■ Input ■
──────────
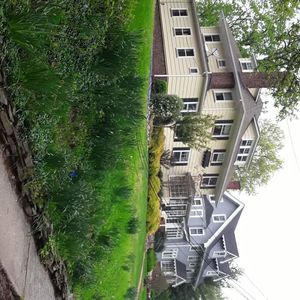 Meet your Posher, Edmilson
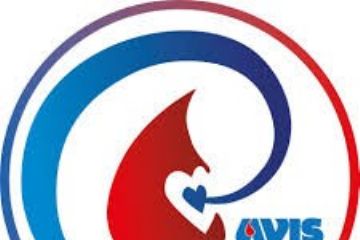 Giornata Informativa AVIS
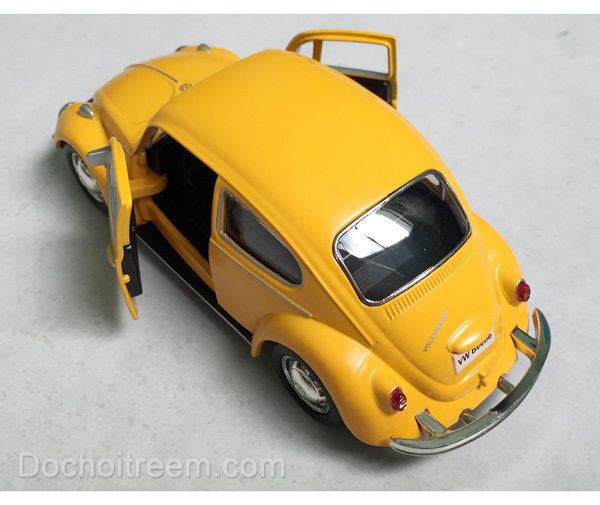 Xe-Volkswagen-Beetle-(vang)-7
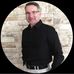 Ronnie Douglas - Facebook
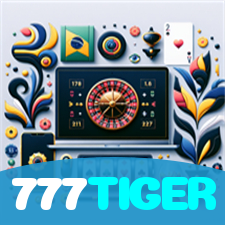 Segurança no 777TIGER
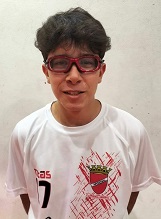 fotografia associado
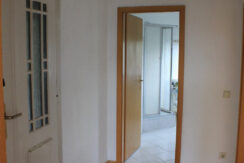 Bild6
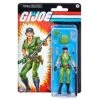 G.I. Joe Classified Series Lady Jaye Action Figure -Hasbro Pulse F47655X00 5010993949489 pkg 21 Online 2000SQ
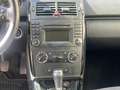 Mercedes-Benz A 180 A 180 (169.032) Bronze - thumbnail 15
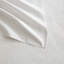 Ensemble de draps en coton percale Martha Stewart-122272096-115629657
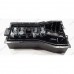 Клеммная коробка духовки Electrolux ZKL64X, Z69, 949592019 00 AEG 67670KMN, 949592454-00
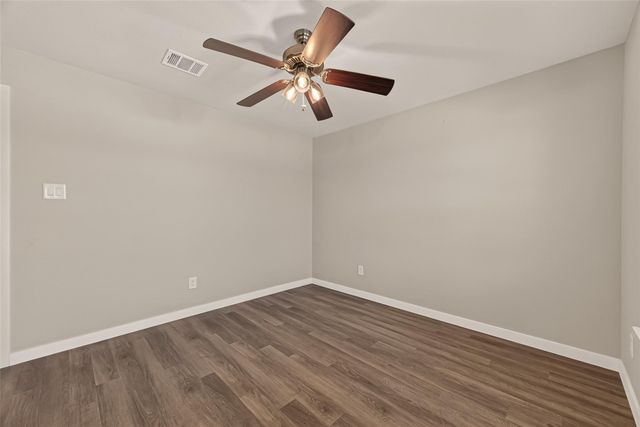 15359 Central Crescent Drive, Roman Forest, TX 77357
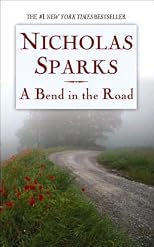 A Bend in the Road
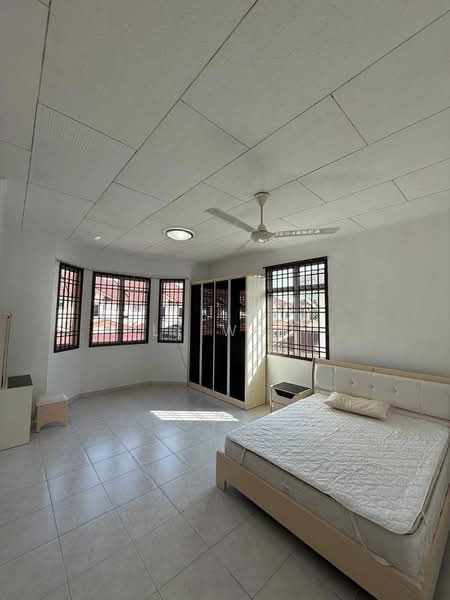 2-storey Terraced House for Rent in Taman Nusa Bestari (Iskandar Puteri (Nusajaya)) - Li Wei - PropertyGuru.com.my
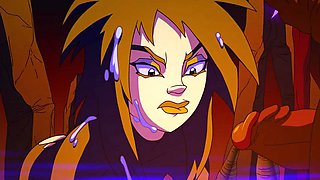 Drewdgh: Babe, Eporner  Bbw Porn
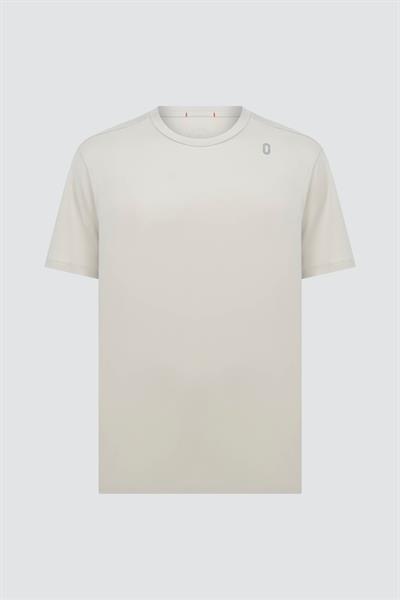 Uniform Athletics All-around Shirt - Erkek Koşu Tişörtü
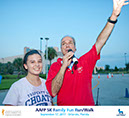 281_Tracs_Novo_Orlando_2011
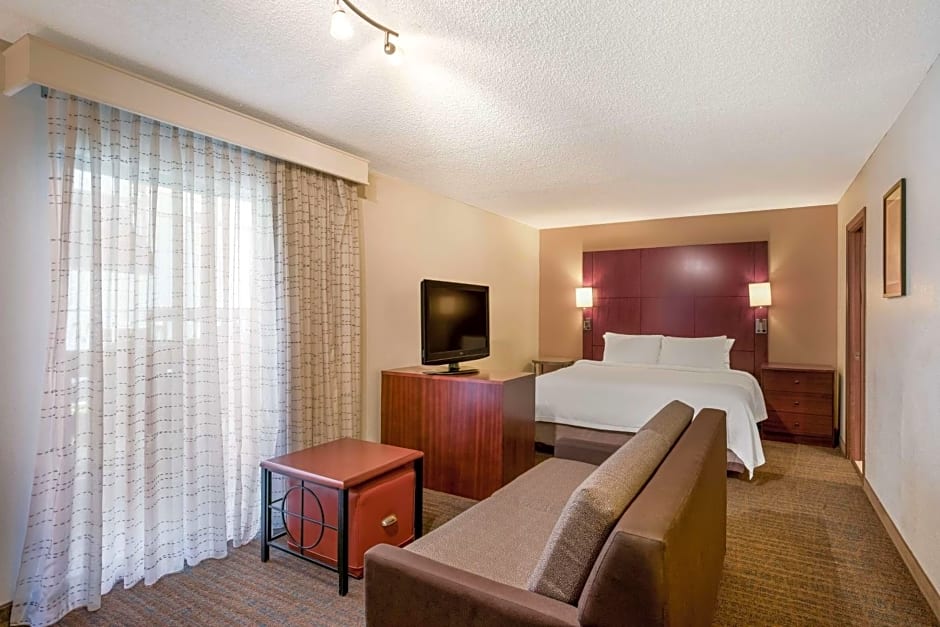 SenS Suites Livermore, SureStay Collection by Best Western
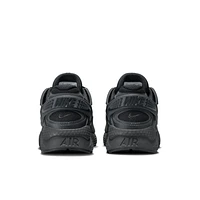 Nike Air Huarache Runner Men's Shoes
──────────
Everything from the line containing "A Bend in the Road" to the last line of the listing above is to be written out exactly, except the pictures, and nothing else.

■ Task result ■
 A Bend in the Road
 2-storey Terraced House for Rent in Taman Nusa Bestari (Iskandar Puteri (Nusajaya)) - Li Wei - PropertyGuru.com.my
 Drewdgh: Babe, Eporner  Bbw Porn
 Uniform Athletics All-around Shirt - Erkek Koşu Tişörtü
 281_Tracs_Novo_Orlando_2011
 SenS Suites Livermore, SureStay Collection by Best Western
 Nike Air Huarache Runner Men's Shoes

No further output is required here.